Y aunque hasta hace poco había mantenido a Rajoy al margen del escándalo, lo implicó directamente ante la justicia y el diario conservador El Mundo después de entrar en prisión preventiva a finales de junio por fraude fiscal.

El rotativo calculó recientemente que el ahora jefe de gobierno recibió un total de 343.700 euros durante dos décadas de manos de Bárcenas, precisando unas acusaciones que Rajoy ya había negado rotundamente en febrero.

El jefe del ejecutivo, cuyas comparecencias son contadas, se vio así obligado a salir de su largo silencio.

“Pienso que este es el momento adecuado para que yo explique en el Parlamento cuál es la situación y el balance de lo que se ha hecho en los últimos tiempos” a nivel político y económico, había afirmado, haciendo temer a la oposición que ahogue el escándalo bajo un alud de datos económicos.

Un diputado nacionalista vasco, Emilio Olabarria, pidió este miércoles a Rajoy “que no frustre las expectativas ciudadanas en relación a la corrupción” y le exigió que “se centre en lo que la gente está esperando escuchar”.

Indignada por el creciente número de escándalos de corrupción en el país, que incluso implican al yerno del rey, Iñaki Urdangarin, la opinión pública española, asfixiada por las políticas de austeridad, confía cada vez menos en sus instituciones.

Tildando de “impresentable” que Rajoy se parapete el jueves en la economía para no esclarecer el “caso Bárcenas”, la número dos del Partido Socialista, Elena Valenciano, subrayó que su formación seguirá pidiendo su dimisión.

“Nuestro objetivo es doble: que el presidente del gobierno diga la verdad y que abandone su puesto. Si no lo conseguimos mañana, pues seguiremos insistiendo, seguiremos luchando por ello”, afirmó.

La publicación en julio por El Mundo de las revelaciones de Bárcenas desde la cárcel y de una serie de SMS en los que Rajoy le expresaba hasta hace pocos meses su apoyo, llevaron a los socialistas a pedir la dimisión del dirigente.
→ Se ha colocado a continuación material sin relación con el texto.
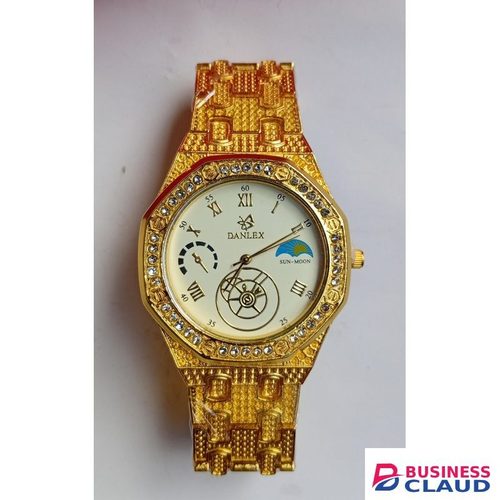 Elite Fashion Luxury men's stainless steel iced watch with steel strap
Pero Rajoy ya aseguró que no renunciará.

Vigilado muy de cerca por los mercados y por sus socios europeos desde su llegada al poder a finales de 2011 en un contexto de grave crisis económica, el líder conservador se esfuerza por evitar que un temor de inestabilidad política en el país dé al traste con la incipiente y tímida mejora de la economía nacional.

Sumida en la recesión desde hace dos años, España vio su tasa récord de desempleo descender a 26,26%, desde 27,16%, en el segundo trimestre, y la contracción de su PIB pasar de 0,5% en el primer trimestre a 0,1% en el segundo.